### WHAT YOU HAVE TO DO
Write out again the lines from the line with "Gallery image thumbnail" up to and including the line with "1581 Winterberry Ln, Weston, FL 33327", exactly as they stand below, and skip any picture.

### DATA RECORDS
+ + + + +
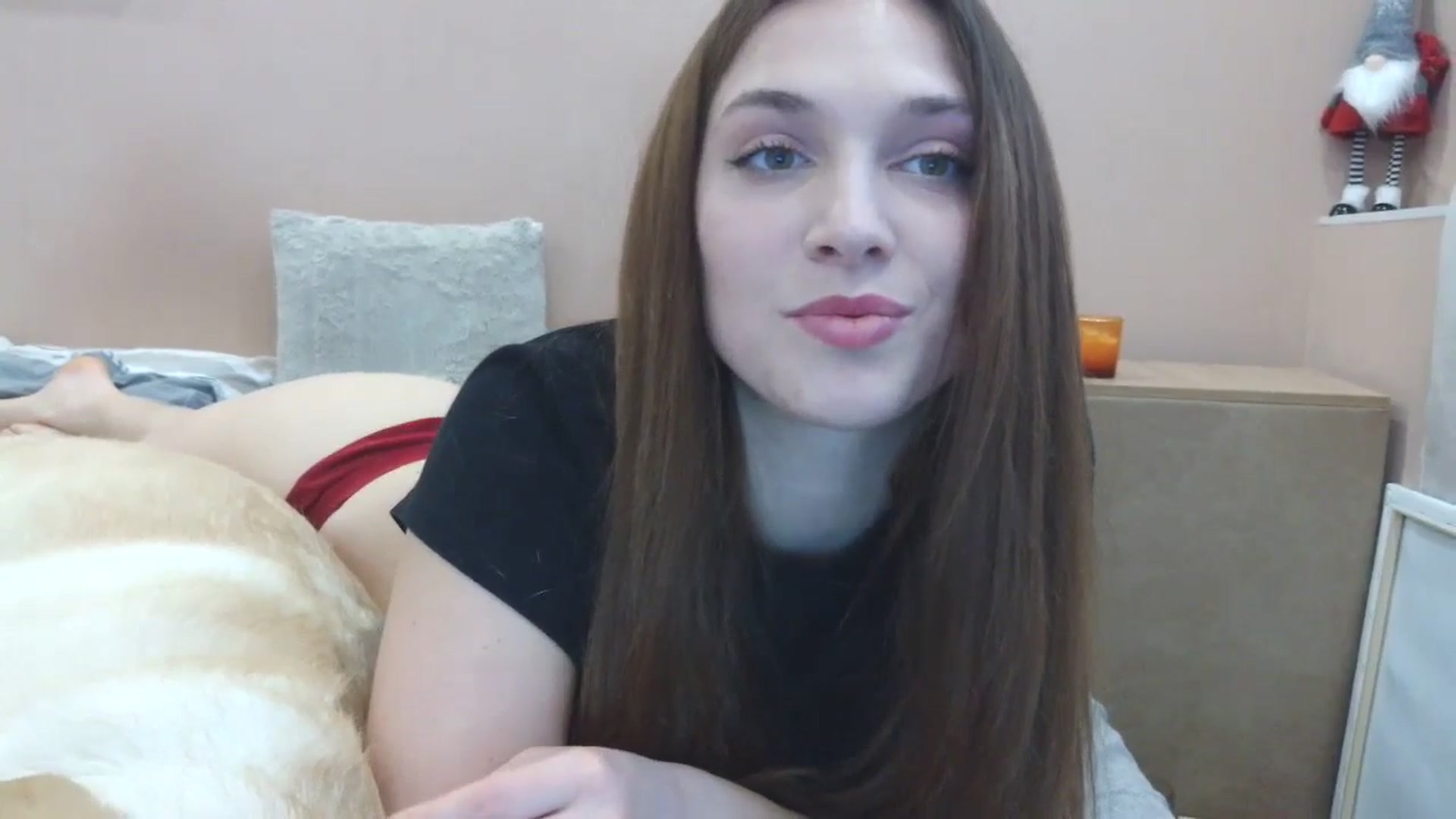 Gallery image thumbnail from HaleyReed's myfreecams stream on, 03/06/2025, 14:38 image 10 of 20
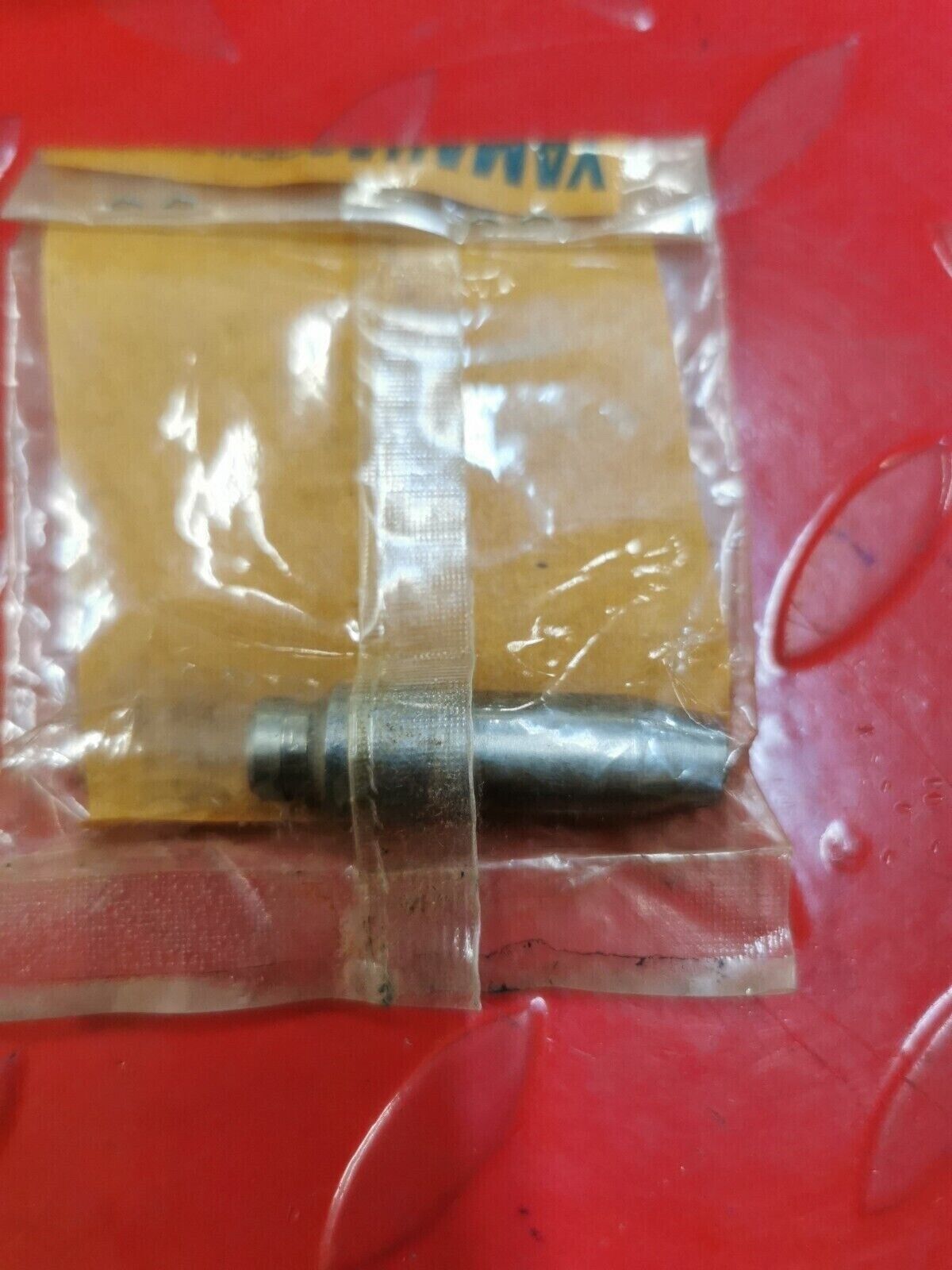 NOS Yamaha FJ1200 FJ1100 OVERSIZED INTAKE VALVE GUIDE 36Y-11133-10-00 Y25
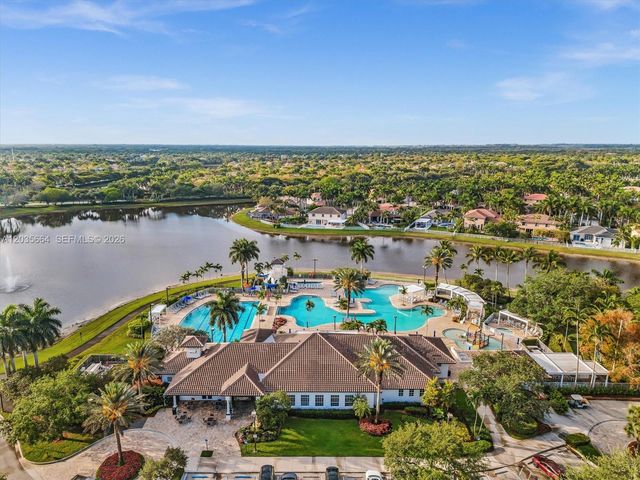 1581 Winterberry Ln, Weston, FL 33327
+ + + + +
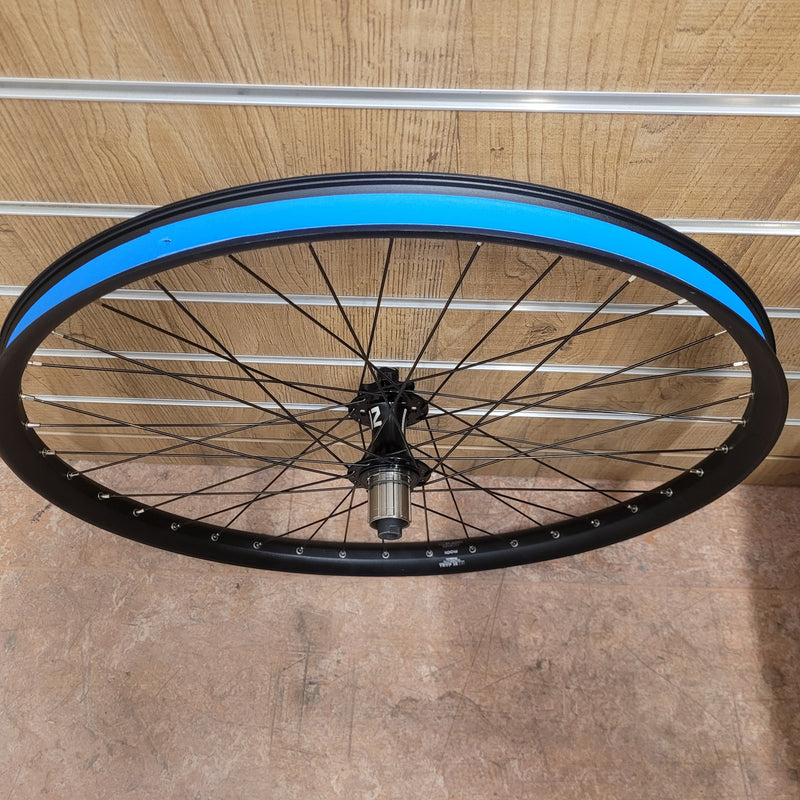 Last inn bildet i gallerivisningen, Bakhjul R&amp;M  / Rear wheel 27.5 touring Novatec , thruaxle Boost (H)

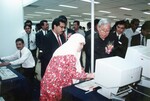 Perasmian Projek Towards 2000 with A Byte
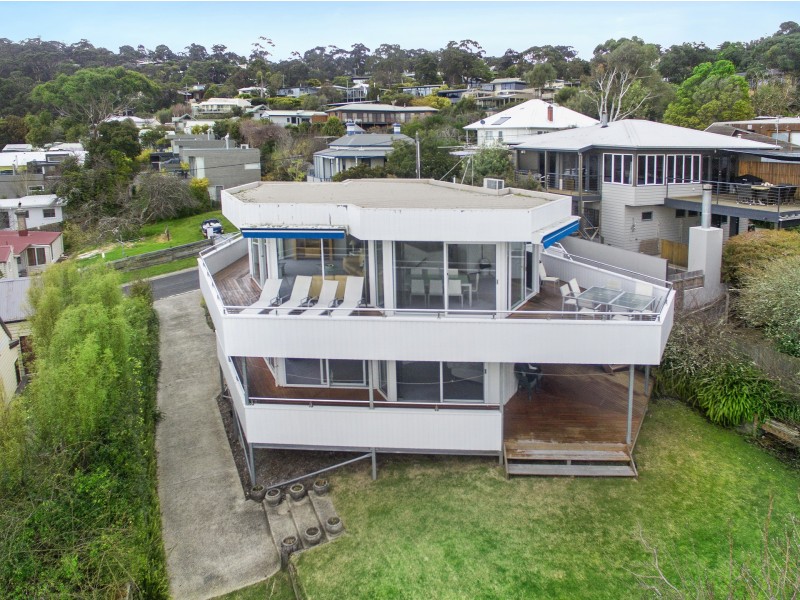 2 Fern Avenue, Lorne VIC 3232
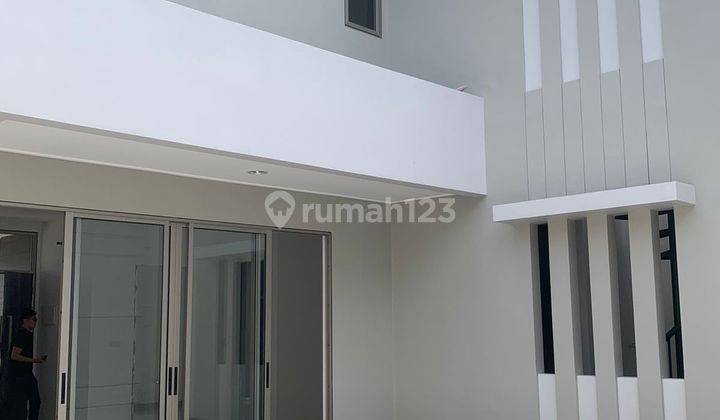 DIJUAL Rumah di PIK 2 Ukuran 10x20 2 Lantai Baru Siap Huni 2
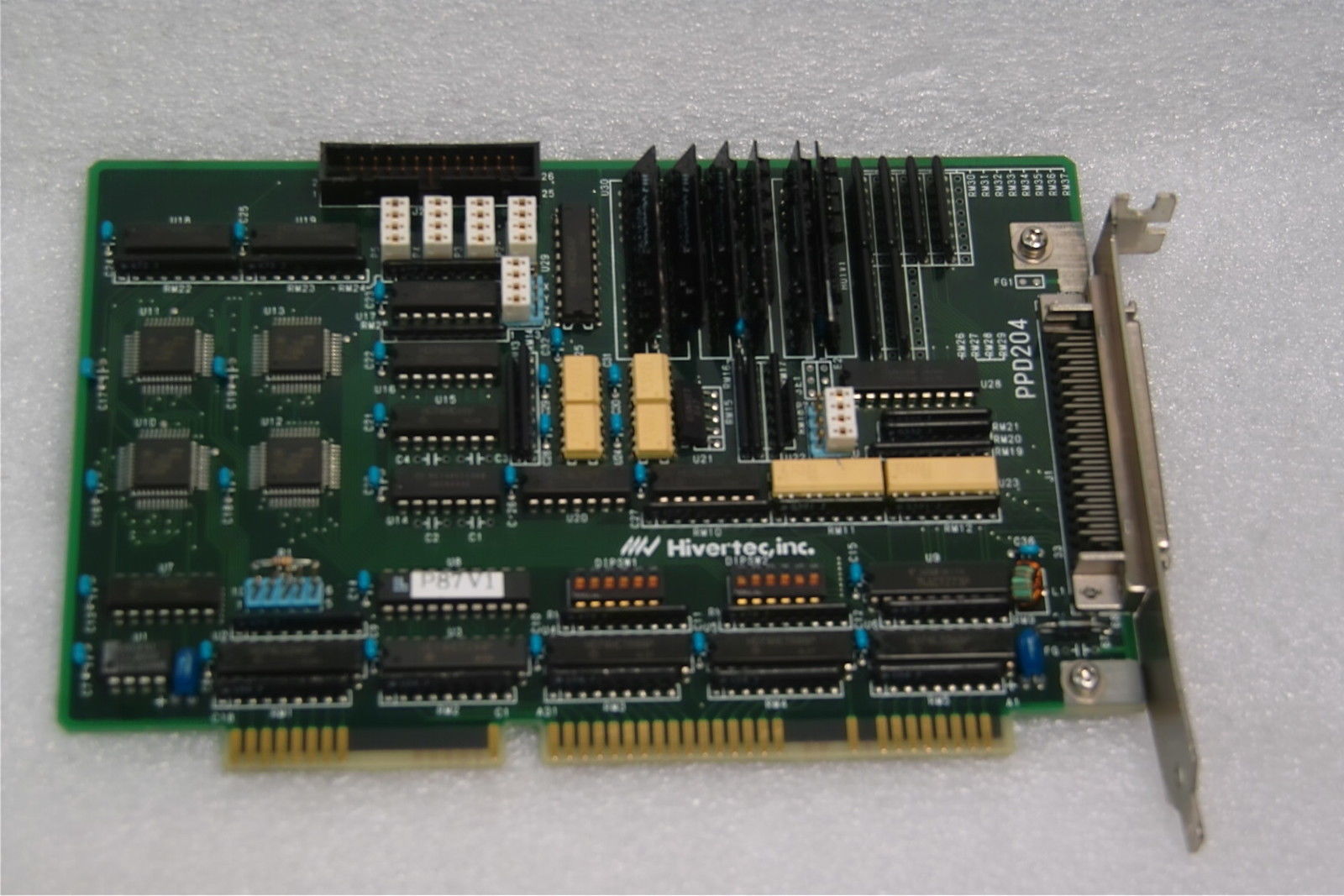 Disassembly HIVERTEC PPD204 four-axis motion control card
+ + + + +
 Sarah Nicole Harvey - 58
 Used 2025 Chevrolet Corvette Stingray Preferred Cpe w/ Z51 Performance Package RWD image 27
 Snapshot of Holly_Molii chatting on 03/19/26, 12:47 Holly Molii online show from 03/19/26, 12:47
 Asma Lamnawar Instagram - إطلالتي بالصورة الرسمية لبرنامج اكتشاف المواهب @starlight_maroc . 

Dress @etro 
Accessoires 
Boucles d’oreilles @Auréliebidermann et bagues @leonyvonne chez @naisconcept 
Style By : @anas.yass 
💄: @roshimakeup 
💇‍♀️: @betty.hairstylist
+ + + + +
### RESPONSE AREA
 Gallery image thumbnail from HaleyReed's myfreecams stream on, 03/06/2025, 14:38 image 10 of 20
 NOS Yamaha FJ1200 FJ1100 OVERSIZED INTAKE VALVE GUIDE 36Y-11133-10-00 Y25
 1581 Winterberry Ln, Weston, FL 33327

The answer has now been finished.